Потом всю дорогу, пока ехала трамваем на новую квартиру, проклинала растяпу этого, Казика…
Она сошла на незнакомой улице. Немного в сторону от трамвайной колеи — и сразу начинался не совсем еще приведенный в порядок, недавно застроенный квартал. И, как это бывает в необжитом месте, сразу бросились в глаза своими темными, глухими окнами безмолвные дома. И повсюду земля, разрытая земля, перемешанная со снегом. Смеркалось. У подъезда крайнего дома какая-то женщина, время от времени отворачивая лицо, вытряхивала на ветру одеяло. Ольга подошла и спросила номер дома.

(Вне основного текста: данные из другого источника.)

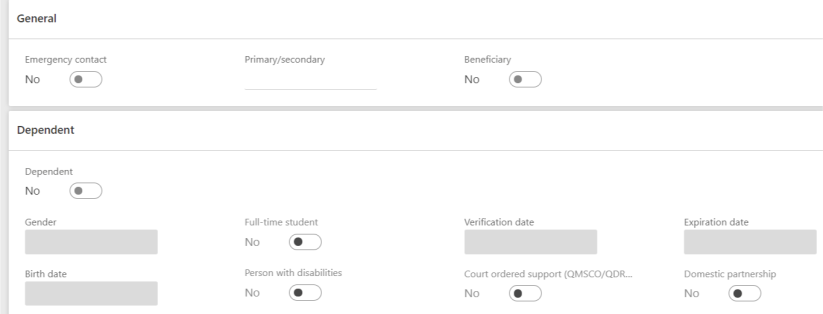 personal contact beneficiary or dependent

Она стояла перед дверью своей квартиры, не совсем еще веря себе и стараясь унять сердцебиение. Нажала плечом дверь: квартира была закрыта. Прижалась щекой к притолоке, прислушалась. Было тихо: ни шороха, ни скрипа из-за двери, лишь клокотала внизу, переливаясь в радиаторе под лестничным окном, ворчливая вода. «Вот уже и греют, — подумала Ольга, и щемящая жалость закралась в сердце. — Дурочка, нужно было сразу искать коменданта и забрать ключи».
Через каких-нибудь полчаса, выйдя от коменданта, Ольга почувствовала вдруг, как хорошо было на улице. Только теперь она заметила, что и крыши домов, и крылечки подъездов, и все вокруг покрылось молодым и ясным снегом. Такою трезвящей свежестью был наполнен воздух, что Ольга не удержалась и, остановившись, посмотрела вверх. Глубокие неровные промоины открылись в высоких и, казалось, набрякших сочной синью облаках. В каком-то холодном оцепенении катилась над городом луна — спелая, слепящая и полная.
Было здесь высоко, где стояла Ольга: вечерний город лежал перед нею. Там, где все время мелькали, пропадая, красные и зеленые огоньки машин, были, наверное, мосты и площади. Где-то же совсем неподалеку, в низких затемненных улицах, звенел трамвай, и видно было, как высекает голубые искры его дуга.